Fans of sports and other Disney offerings are going to have to do without on one of the nation’s largest cable providers.
Disney pulled its programming from Charter Spectrum on Thursday night, even as the Disney-owned ESPN networks were covering major live sporting events such as the US Open and college football.
Amid a broken “video ecosystem,” Charter Communications said, “Disney — so far — has insisted on a traditional long-term deal with higher rates and limited packaging flexibility,” in a presentation provided before an investor webcast. “Disney declined our proposal and pulled its video channels from Charter’s video customers on August 31,” it added.
Charter Spectrum is the largest pay-TV provider in the Los Angeles region. The service has more than 5 million customers in California — a third of its nationwide total.
It was unclear Friday how quickly the two sides might iron out the dispute over carriage fees and terms — if they find a resolution at all.

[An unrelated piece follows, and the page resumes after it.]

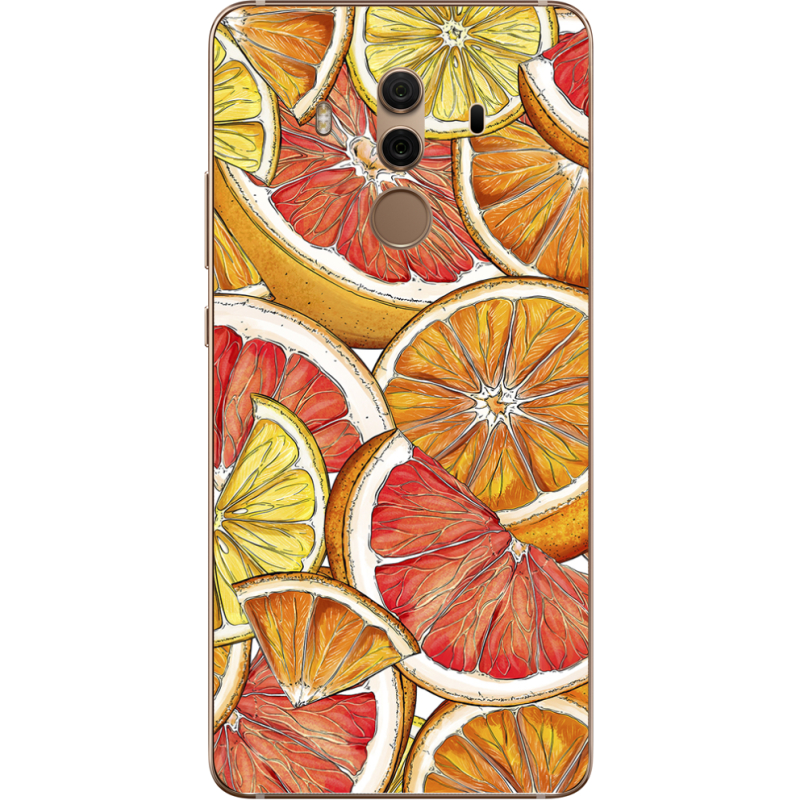 Чехол Uprint Huawei Mate 10 Pro Citrus Pattern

Charter Chief Executive Christopher Winfrey told analysts during a morning conference call that a deal must be hammered out soon, and the Burbank entertainment giant must give Charter greater leeway in how it offers Disney’s channels on Spectrum.
Otherwise, Winfrey said, Charter is prepared to live without Disney’s channels — including ESPN — even if it means losing subscribers, and thus hastening the rapid cord-cutting that has already upended the television business model.

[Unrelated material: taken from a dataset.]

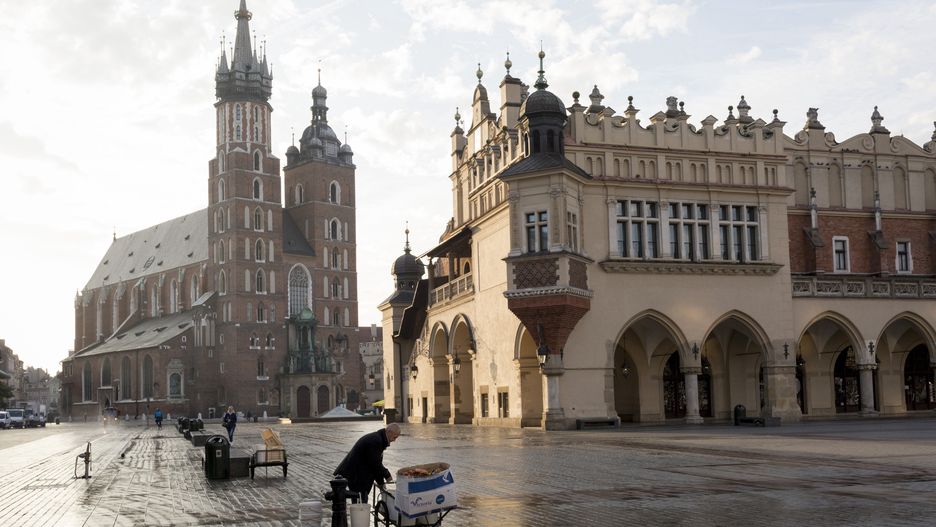 Kraków. Straż pożarna poszukuje hejnalisty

The dispute left hanging fans of sports like the football game between the University of Florida and the University of Utah, or the match between No. 1 men’s tennis player Carlos Alcaraz and Lloyd Harris in the second round of the US Open on ESPN.

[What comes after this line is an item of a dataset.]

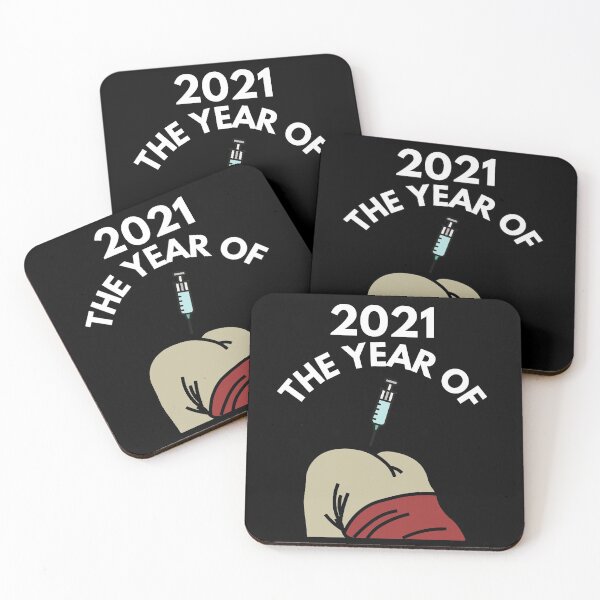 Item preview, 2021 The Year of the Covid Vaccine designed and sold by stelsanc.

“We’re very disappointed for our fans and viewers around the country that Spectrum and Charter could not resolve their dispute with Disney, resulting in a loss of ESPN coverage of Thursday night’s matches,” US Open Tennis posted to X, the social media platform formerly known as Twitter. “We’re hopeful that this dispute can be resolved as quickly as possible.”
Disagreements over carriage fees are not new, especially as cord-cutting and streaming have eaten into the traditional cable business — sometimes even becoming ugly disputes, although Disney had to resolve a conflict with streaming service YouTube TV in 2021.